A review by renee_reads_books
Carrie Soto Is Back by Taylor Jenkins Reid

fast-paced

4.5

I finished the audiobook of Carrie Soto is Back, by Taylor Jenkins Reid, on Thursday. Then I forgot to post.

My sister reminded me that Carrie Soto is a character in TJR’s book Malibu Rising. I totally forgot that because I can’t remember anything anymore (frustrating when you’ve been long praised for never forgetting). There’s also a point in this book where Carrie is reading a book about Daisy Jones & The Six, so I appreciate the references from within the TJR universe.

Throughout the 80s, Carrie Soto was the best tennis player in the world. Coached by her tennis champion father, Javier Soto, she was unstoppable.

In 1994, several years after her retirement, she’s watching tennis with her father when she decides she wants to come back and win a slam in 1995. I think that’s the term. I don’t know much about tennis except what I learned in this book. She wants to reclaim her title as most decorated tennis champion.

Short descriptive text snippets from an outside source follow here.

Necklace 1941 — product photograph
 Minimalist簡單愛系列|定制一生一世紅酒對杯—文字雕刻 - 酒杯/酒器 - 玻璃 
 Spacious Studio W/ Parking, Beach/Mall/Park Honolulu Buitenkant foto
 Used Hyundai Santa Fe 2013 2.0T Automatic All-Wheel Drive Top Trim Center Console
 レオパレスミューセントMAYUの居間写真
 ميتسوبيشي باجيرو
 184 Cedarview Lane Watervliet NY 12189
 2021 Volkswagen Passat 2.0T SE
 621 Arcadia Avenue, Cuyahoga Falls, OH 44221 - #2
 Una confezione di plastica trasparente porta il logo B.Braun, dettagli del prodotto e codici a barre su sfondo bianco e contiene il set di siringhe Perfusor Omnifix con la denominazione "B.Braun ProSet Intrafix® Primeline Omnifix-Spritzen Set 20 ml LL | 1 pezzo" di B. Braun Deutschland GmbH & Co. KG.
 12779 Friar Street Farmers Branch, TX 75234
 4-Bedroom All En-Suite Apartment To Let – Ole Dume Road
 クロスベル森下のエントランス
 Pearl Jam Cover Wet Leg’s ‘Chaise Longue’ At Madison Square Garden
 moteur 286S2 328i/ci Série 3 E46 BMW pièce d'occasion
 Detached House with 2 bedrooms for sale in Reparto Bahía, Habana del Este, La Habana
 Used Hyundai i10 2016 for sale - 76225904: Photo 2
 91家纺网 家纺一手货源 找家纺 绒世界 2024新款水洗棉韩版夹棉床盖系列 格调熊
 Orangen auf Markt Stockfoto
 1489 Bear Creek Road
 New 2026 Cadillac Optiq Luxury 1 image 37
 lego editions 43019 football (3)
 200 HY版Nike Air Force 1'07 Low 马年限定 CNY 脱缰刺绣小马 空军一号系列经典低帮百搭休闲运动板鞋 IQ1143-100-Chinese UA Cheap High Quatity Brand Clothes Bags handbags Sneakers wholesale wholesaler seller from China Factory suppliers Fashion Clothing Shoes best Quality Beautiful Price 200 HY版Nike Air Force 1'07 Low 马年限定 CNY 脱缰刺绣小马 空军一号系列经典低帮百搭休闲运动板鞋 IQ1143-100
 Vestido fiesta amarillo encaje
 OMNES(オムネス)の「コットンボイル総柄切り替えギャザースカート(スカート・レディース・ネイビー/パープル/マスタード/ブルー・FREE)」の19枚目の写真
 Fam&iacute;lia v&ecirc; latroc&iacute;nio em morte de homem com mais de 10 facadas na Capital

Half of the book takes place in the past, giving the reader a sense of who Carrie Soto is, how she became the best tennis player in the world, and her relationship with her father, including a rift they had that separated them for a while. The other half is in 1994-95 as she prepares her comeback.

Carrie is not likable. She’s arrogant and cold. She’s calculating. Nothing matters more to her than tennis and being the best. In the 80s, that questionably included her father. Now in the 90s, she’s aged a bit, but she’s still the Battle Axe.

And in the 90s, she can finally see the sacrifices her father he made for her.

As he coaches her one last time, she’s out to prove to herself and everyone else that she can and will beat the young woman who is taking away Carrie’s accolades: Nicki Chan.

She’s back and silencing all the naysayers. But something unexpected threatens her final tournament — the one in which she is to meet Nicki Chan and reclaim her titles.

I wasn’t sure how I’d feel about this book because I know virtually nothing about tennis. The audiobook was so well done that it made me not only feel like I was there at the matches, but invested.

I also enjoyed the father/daughter dynamic between Carrie and Javier. Javier was probably my favorite character.

There are parts of dialog that are spoken in Spanish. That might not be for everyone but I enjoyed listening to it and trying to figure out what they were saying in the context of the English around it and with the handful of Spanish words I can recognize.

Overall, engaging. Another good TJR read. 4/5.